[Start of Attachment]

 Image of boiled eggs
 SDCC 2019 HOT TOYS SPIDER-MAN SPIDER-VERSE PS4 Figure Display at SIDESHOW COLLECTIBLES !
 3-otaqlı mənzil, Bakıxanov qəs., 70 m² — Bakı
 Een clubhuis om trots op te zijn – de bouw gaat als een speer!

[End of Attachment]
[Start of Attachment]

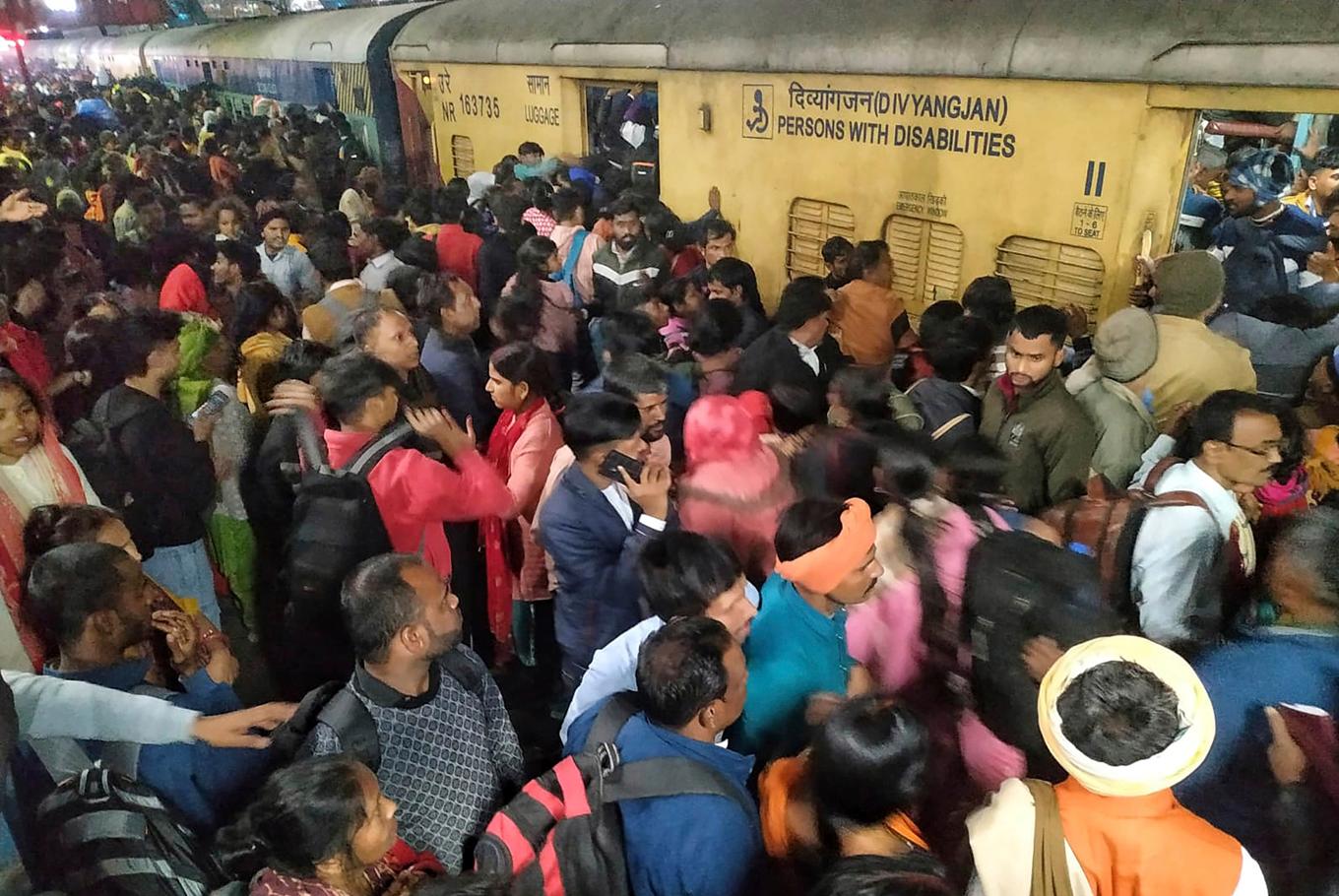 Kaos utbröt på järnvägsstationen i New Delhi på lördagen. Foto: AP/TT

[End of Attachment]

#### REQUIRED ACTION:
Starting with the line above that holds "SDCC 2019 HOT" and stopping with the line that holds "Een clubhuis om", reproduce each line exactly, omitting all other lines.

#### TASK RESPONSE:
 SDCC 2019 HOT TOYS SPIDER-MAN SPIDER-VERSE PS4 Figure Display at SIDESHOW COLLECTIBLES !
 3-otaqlı mənzil, Bakıxanov qəs., 70 m² — Bakı
 Een clubhuis om trots op te zijn – de bouw gaat als een speer!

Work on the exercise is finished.